▶ [Assignment]: Within the records that follow, restate exactly the lines from the line with "命运线分叉图解,揭示人生轨迹多元走向的神秘面纱" down to the line with "Dog bulldog line", including both. Omit the pictures.

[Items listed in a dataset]
※
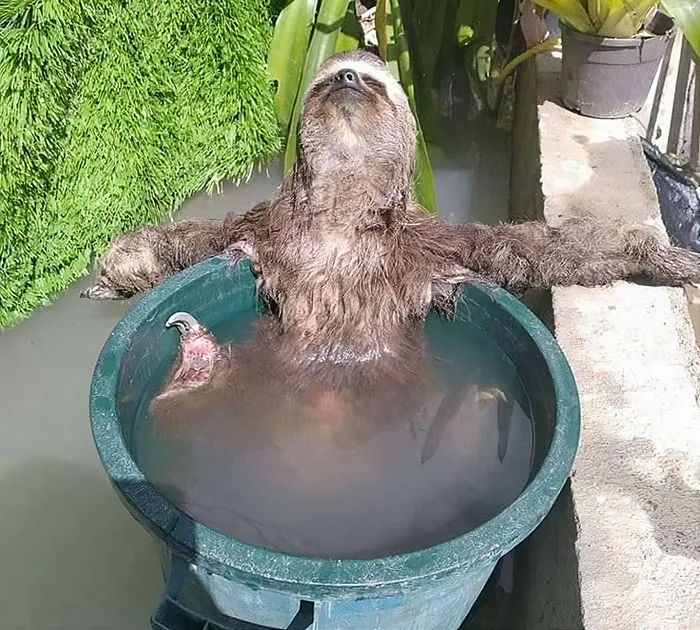 Día de spa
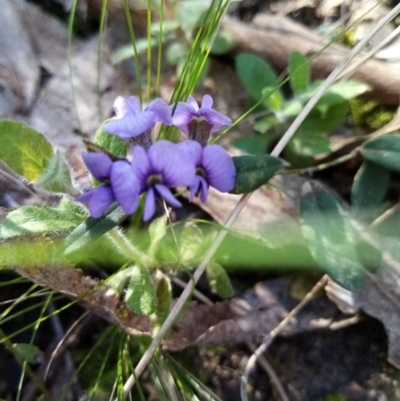 Hovea heterophylla (Common Hovea) at Fadden, ACT - 20 Aug 2021 by Liam.m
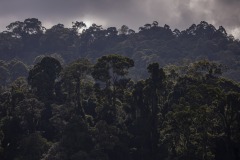 View of a forest in Sintang regency, West Kalimantan, Indonesia.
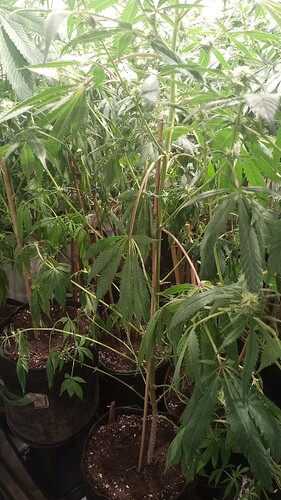 Growreport Bild 1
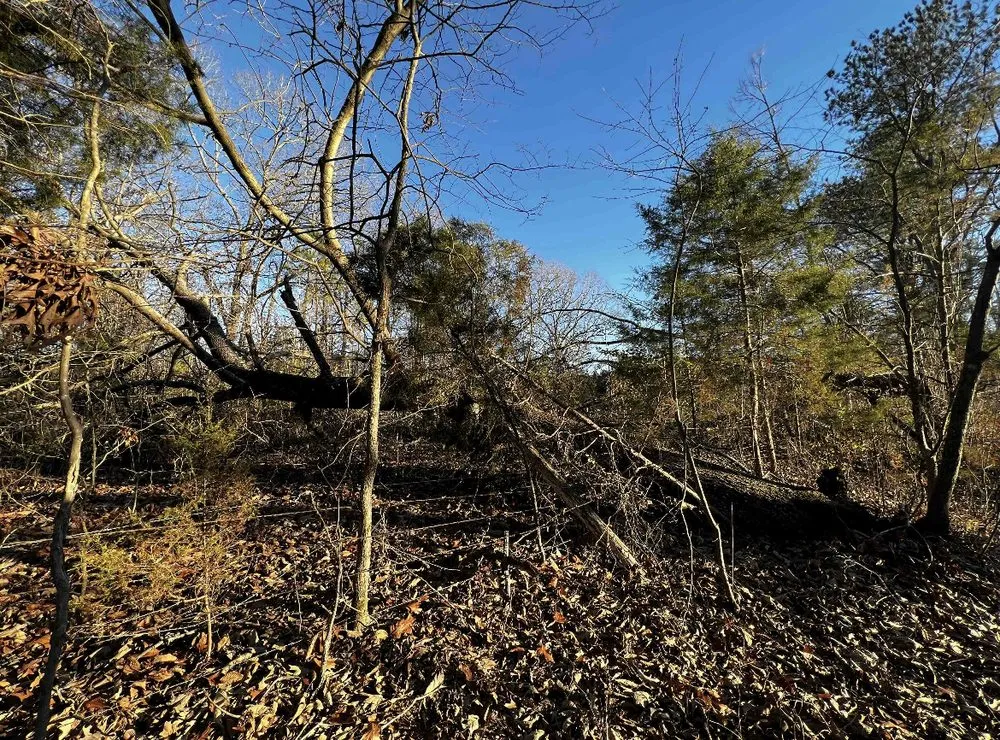 Reliable lawn care service in Fulton, MS by Itawamba Cleaners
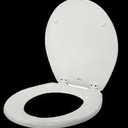Bemis Richfield Elongated Toilet Seat White 1001262668-000 U1D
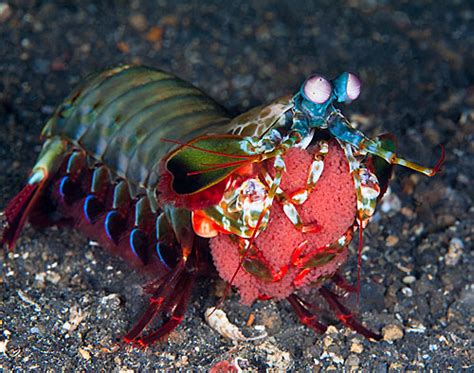 Reproduction Mantis Shrimp Resource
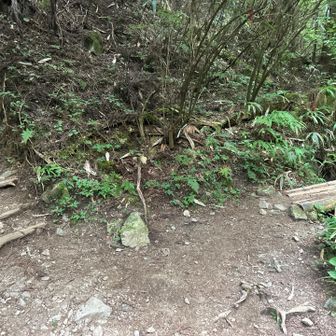 この分岐は右側で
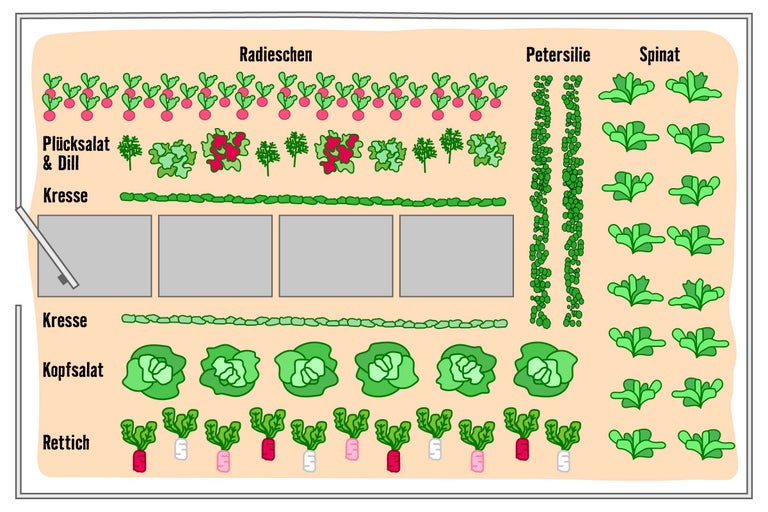Illustration eines Gemüsebeets mit Radieschen, Pflücksalat, Dill, Kresse, Petersilie, Spinat, Kopfsalat und Rettich
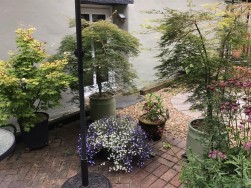 Hebron, Whitland, SA34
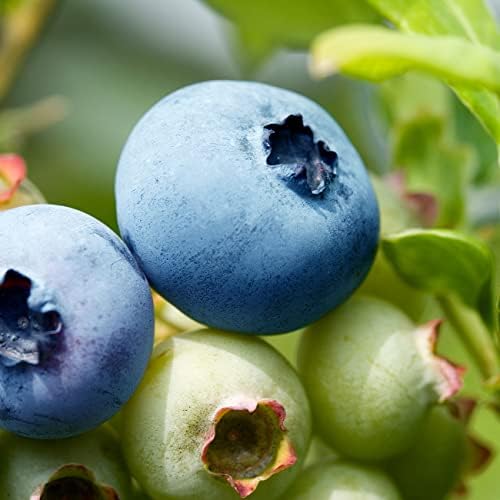Perfect Plants Rabbiteye Blueberry Bush, 1 Gallon (3-Pack), Live Fruit - Image 5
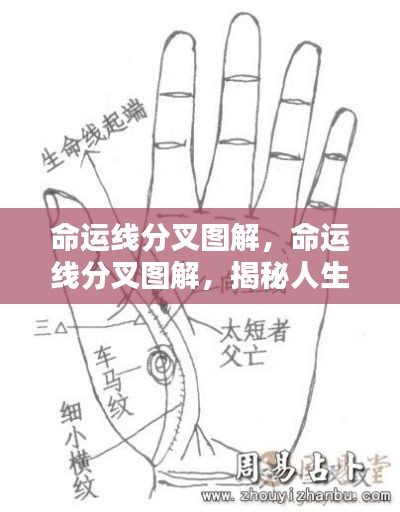 命运线分叉图解,揭示人生轨迹多元走向的神秘面纱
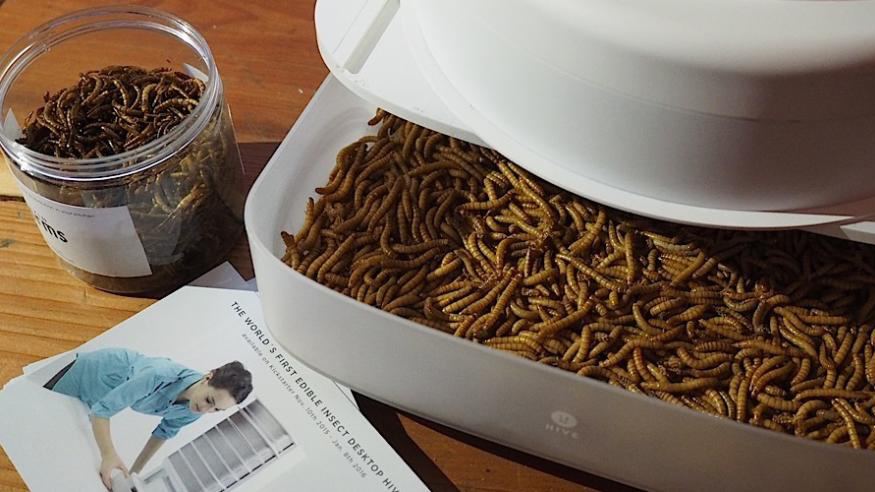 livin farms desktop hive makes edible mealworms 008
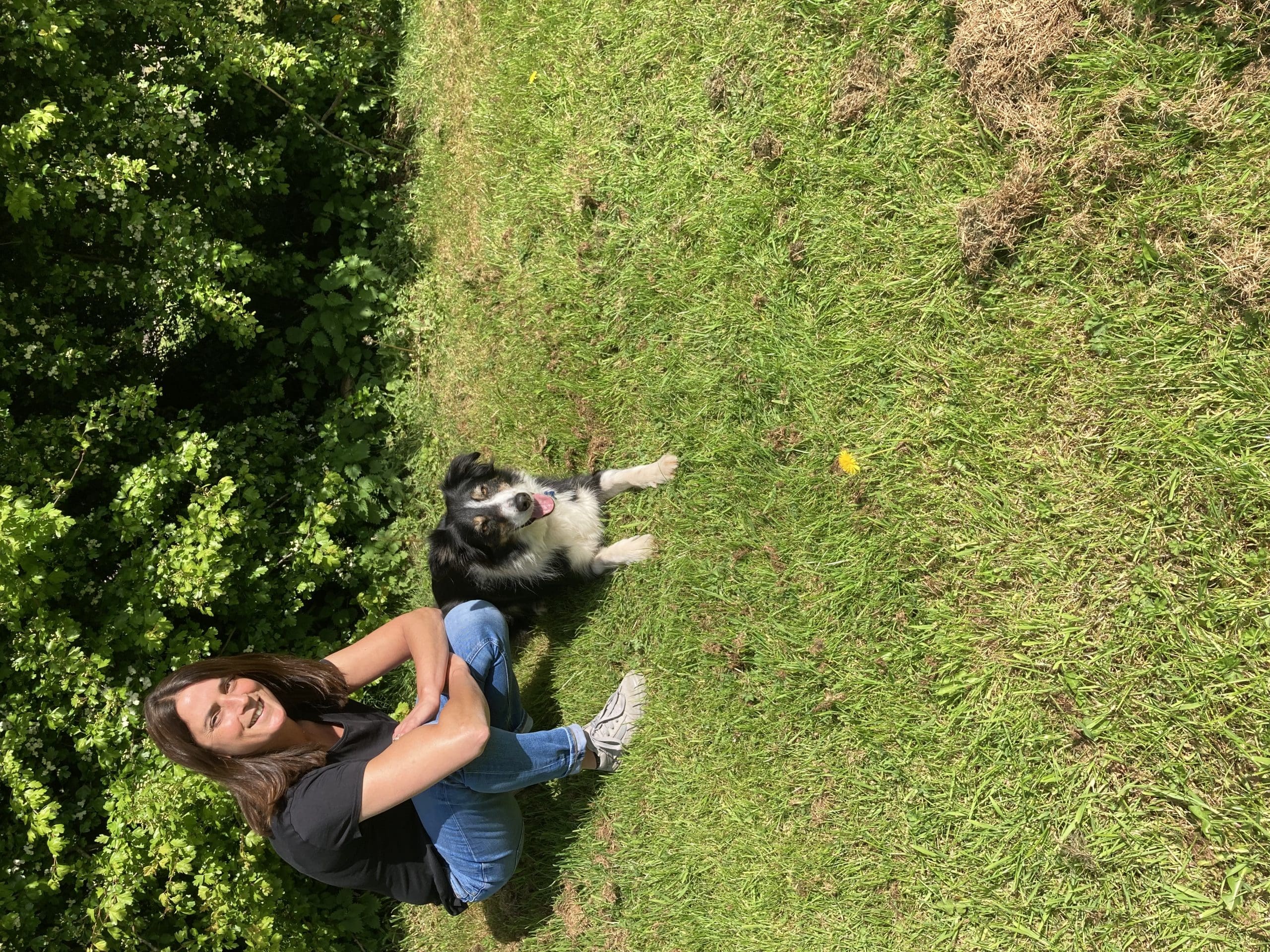 pet-trainer-illustration-06@2x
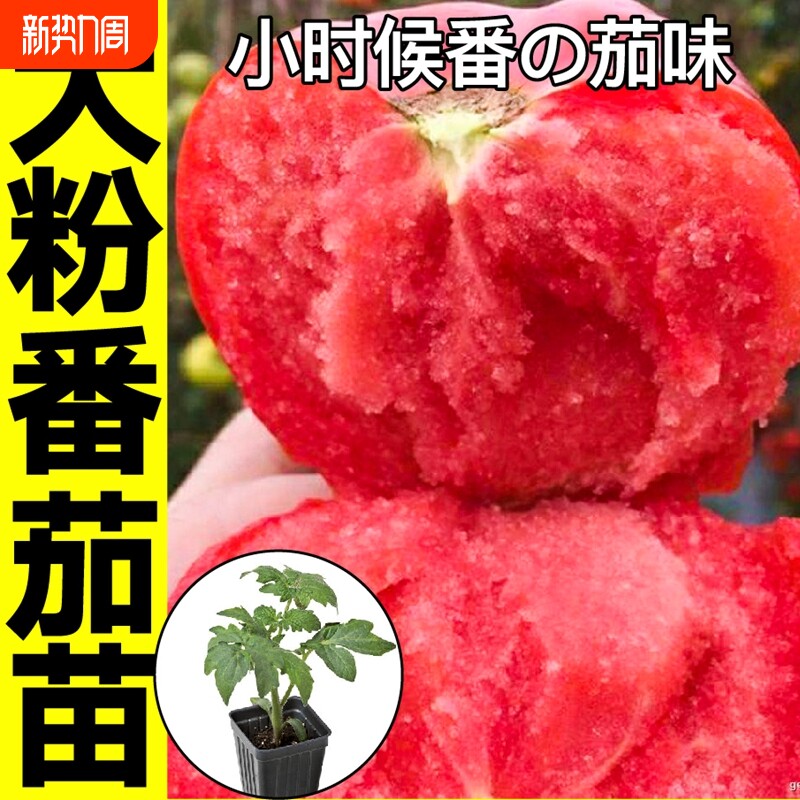 寿光大毛粉番茄苗秧带土老品种沙瓤超甜西红柿种子四季春秋籽草莓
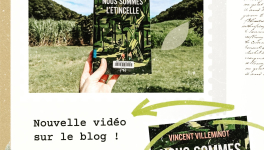 Book'n'furious : Nous sommes l'étincelle - Vincent Villeminot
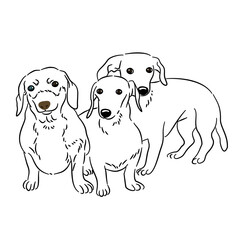 Dog bulldog line art coloring book black and white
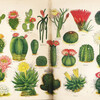 これが牧野富太郎が、一生、植物図鑑のライバルとしていた村越三千男の図鑑『内外植物現職大図鑑第4巻』（植物原色大図鑑刊行会、昭和8年）。カラーの挿絵が素晴らしい。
※
▶ [Output for this exercise]:
 命运线分叉图解,揭示人生轨迹多元走向的神秘面纱
 livin farms desktop hive makes edible mealworms 008
 pet-trainer-illustration-06@2x
 寿光大毛粉番茄苗秧带土老品种沙瓤超甜西红柿种子四季春秋籽草莓
 Book'n'furious : Nous sommes l'étincelle - Vincent Villeminot
 Dog bulldog line art coloring book black and white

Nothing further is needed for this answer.